La scomparsa di un maestro
Oltre il cinema
Il cinema di Manoel de Oliveira aveva il merito incomparabile di lasciare l'anima in sospeso, come se la traccia dei suoi film proseguisse nello spazio e nel tempo
Purtroppo non è un pesce d’Aprile tardivo. È morto davvero Manoel Cândido Pinto de Oliveira, che il prossimo dicembre avrebbe varcato la soglia dei 107 anni, centosette. Tanti quanti il cinema, o quasi. Per chi aveva adorato ogni fotogramma del suo cinema, questo è davvero un giorno di lutto. Ripercorrere la sua carriera sarebbe davvero un’impresa titanica, non tanto per il numero dei film, relativamente contenuto, quanto per l’ampiezza, o meglio, l’indeterminatezza del suo talento, che ci ha sorpreso fino all’ultimo. Come quando, pochi mesi fa, alla Mostra di Venezia, aveva presentato un cortometraggio di nemmeno venti minuti, O Velho do Restelo, che metteva insieme, in una città dei giorni nostri, personaggi come Don Chisciotte, Luis de Camões, Camilo Castelo Branco e Teixeira de Pascoaes, a parlare della vita.

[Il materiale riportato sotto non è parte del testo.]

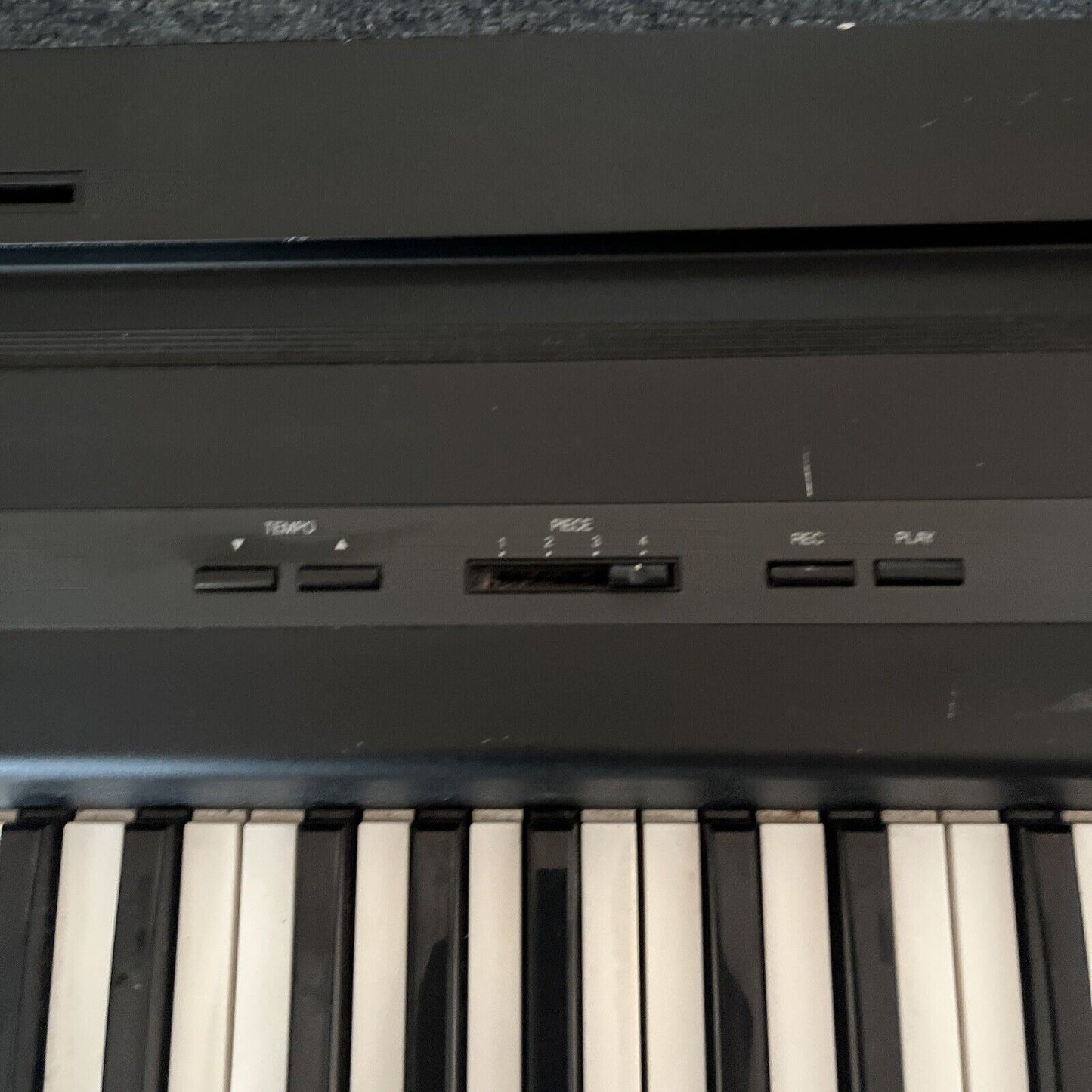 Roland ep7 Digital Piano *for parts or repair*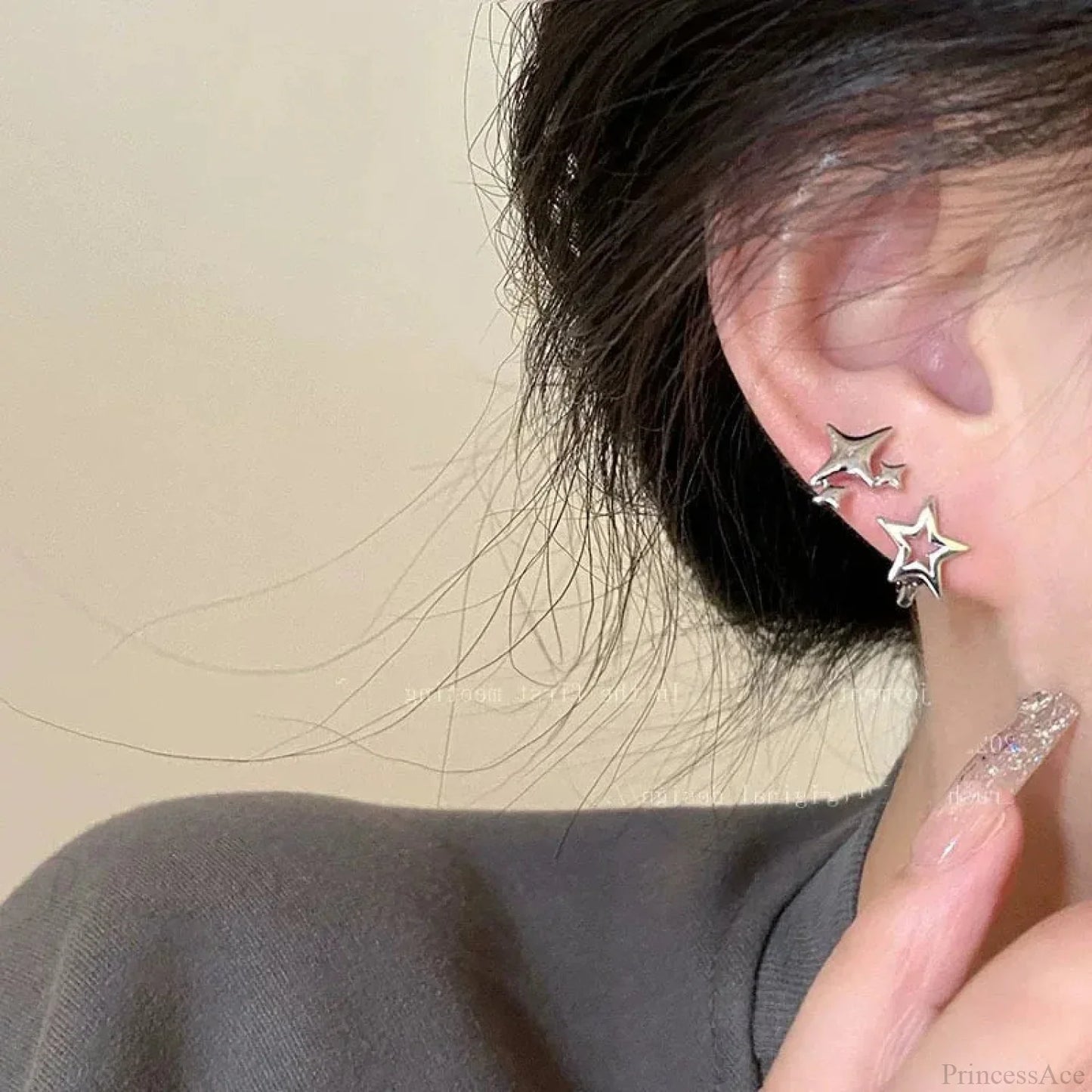 Empty Five-pointed Star Constellation Stud Earring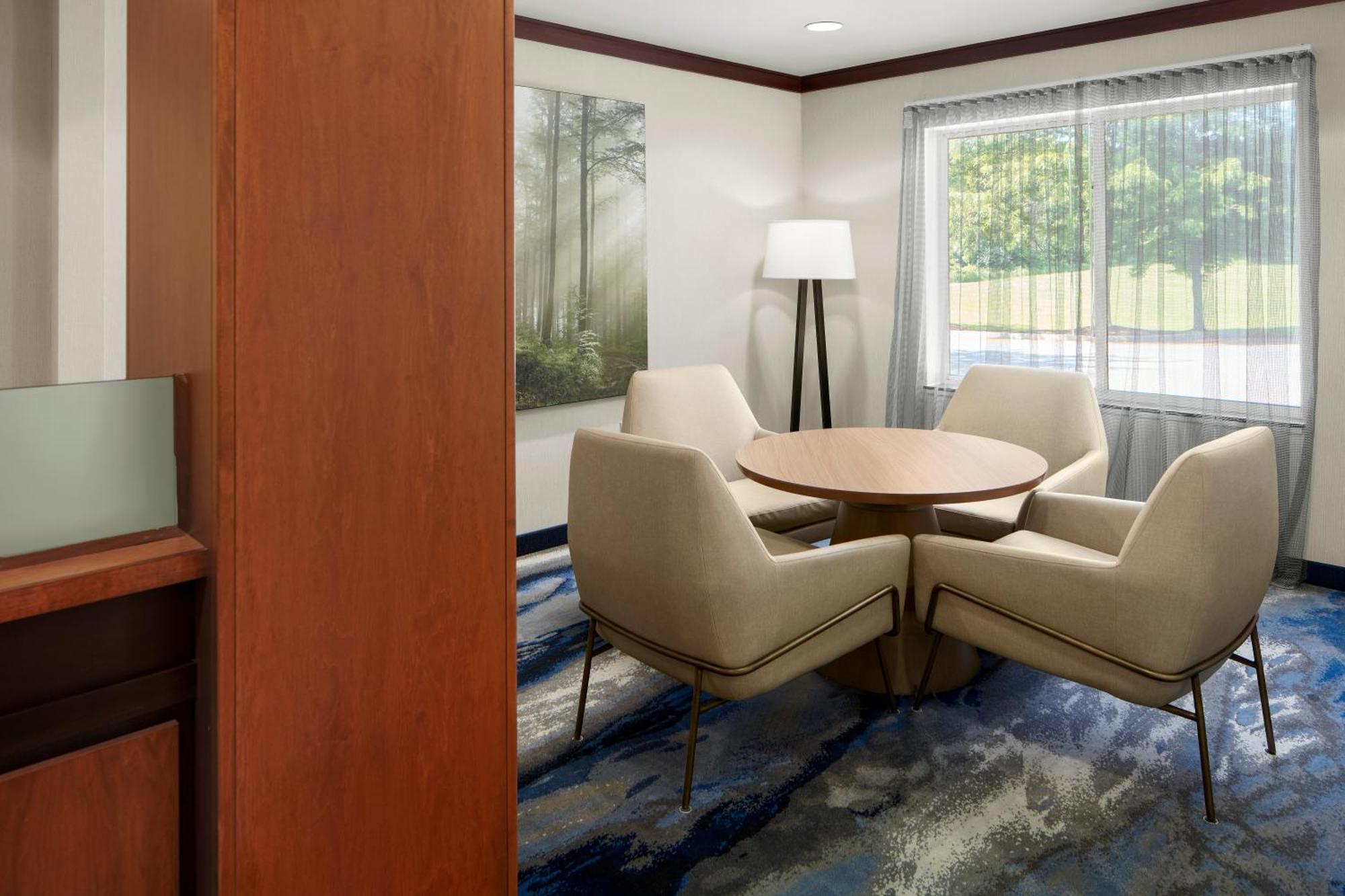 Fairfield Inn & Suites By Marriott Карлайл Екстериор снимка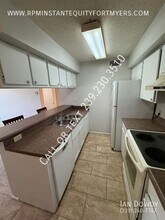 5323 Summerlin Rd in Ft. Myers, FL - Building Photo - Building Photo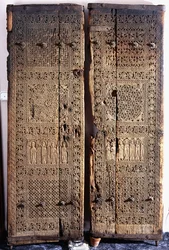 Una coppia di porte armene scolpite in noce, raffiguranti Cristo con sei apostoli e santi
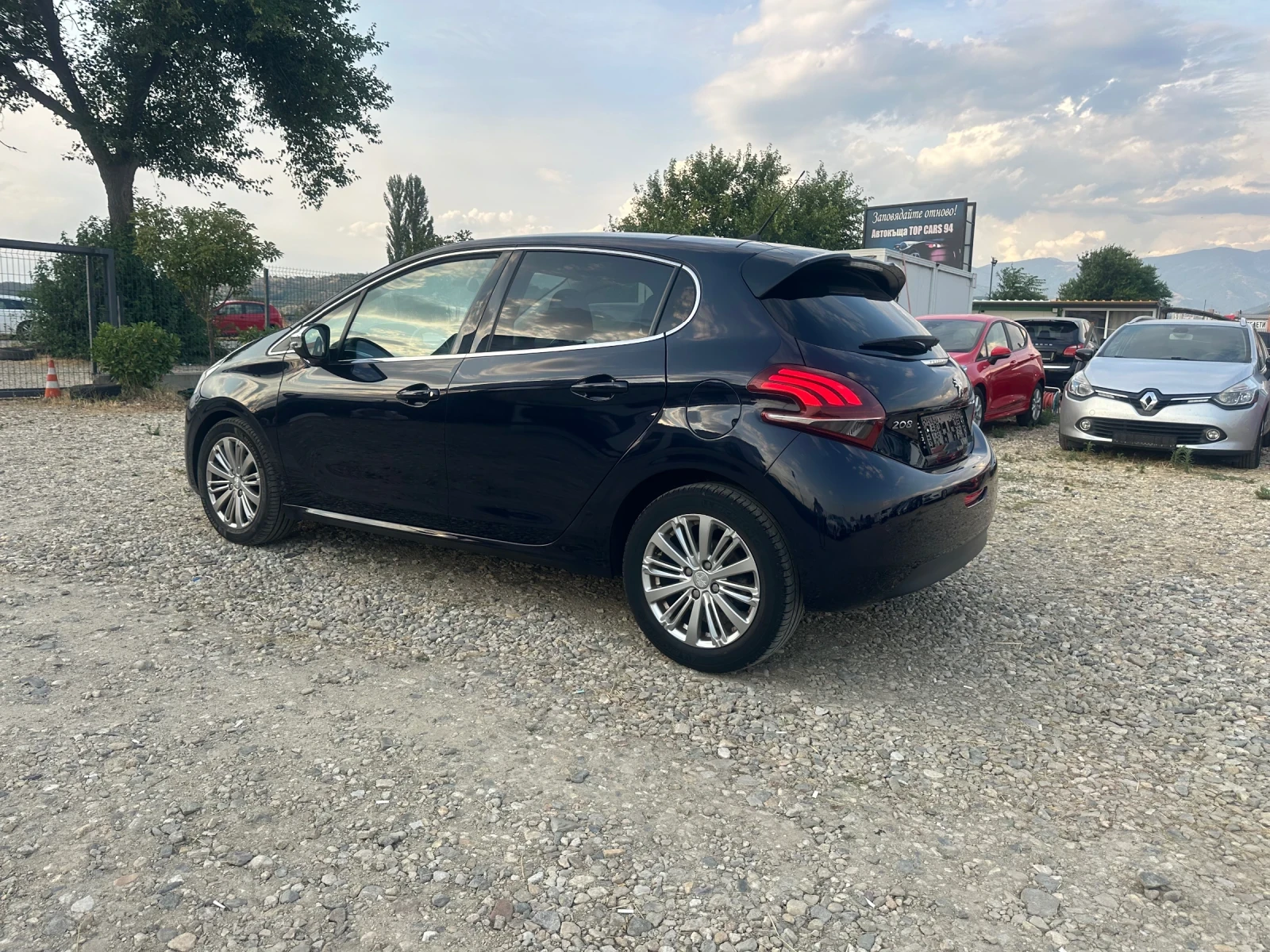 Peugeot 208 1, 5 BlueHDi Allure - изображение 6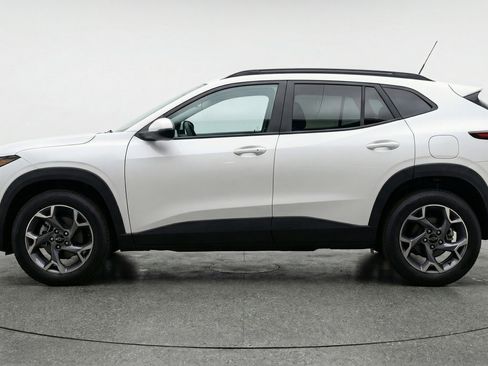 Used 2025 Chevrolet Trax LT FWD image 5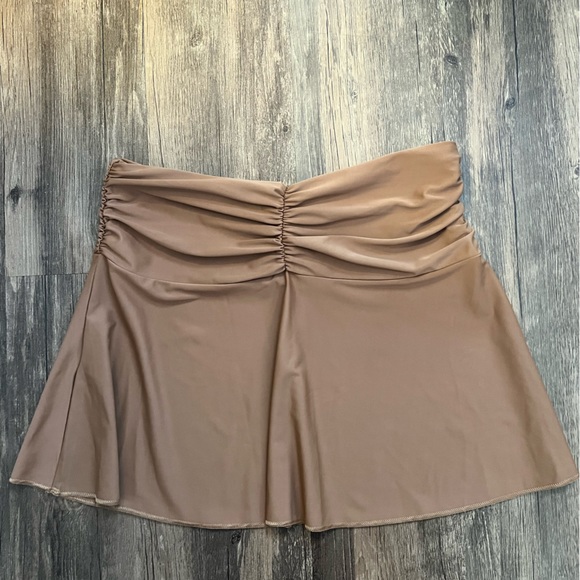 Urban Outfitters ruched mini skirt - Picture 2 of 2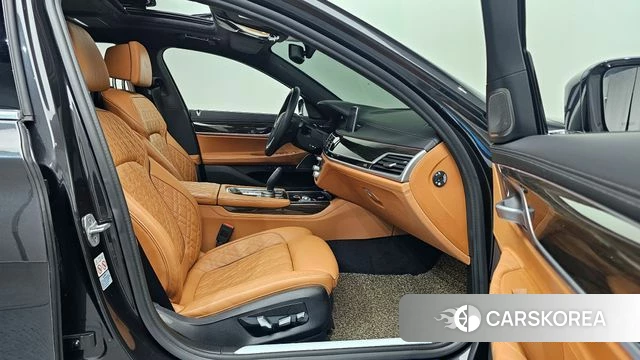 BMW 7 Series (G11) 2021 Черный из Кореи, фото 2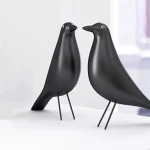 Nordic Home Furnishing Wooden Sculpture Office Decoration Home Furnishing Bird Sculpture Black Sculpture Decoration Figure Desk 4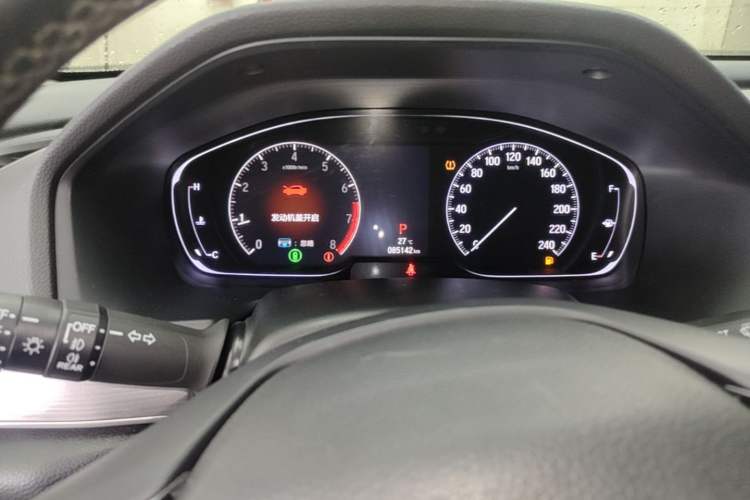 Used Honda Accord 2018 260TURBO Luxury Edition China V Emission Standard Odometer Close Up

Il cinema del lusitano de Oliveira aveva il merito incomparabile di lasciare l’anima in sospeso, come se la traccia dei suoi film proseguisse nello spazio e nel tempo, arrivando anche dopo la fine della proiezione dentro il nostro intimo più profondo. La lentezza solo apparente delle sue pellicole nascondeva dei percorsi emotivi sublimi, fatti di ironia stralunata e citazioni coltissime. Ma non per questo fruibili solo a pochi eletti. In questo era davvero inimitabile, nel saper creare e gestire la teatralità delle sue storie, sempre a metà tra la potenza delle immagini e il ricamo formale di parole e dialoghi.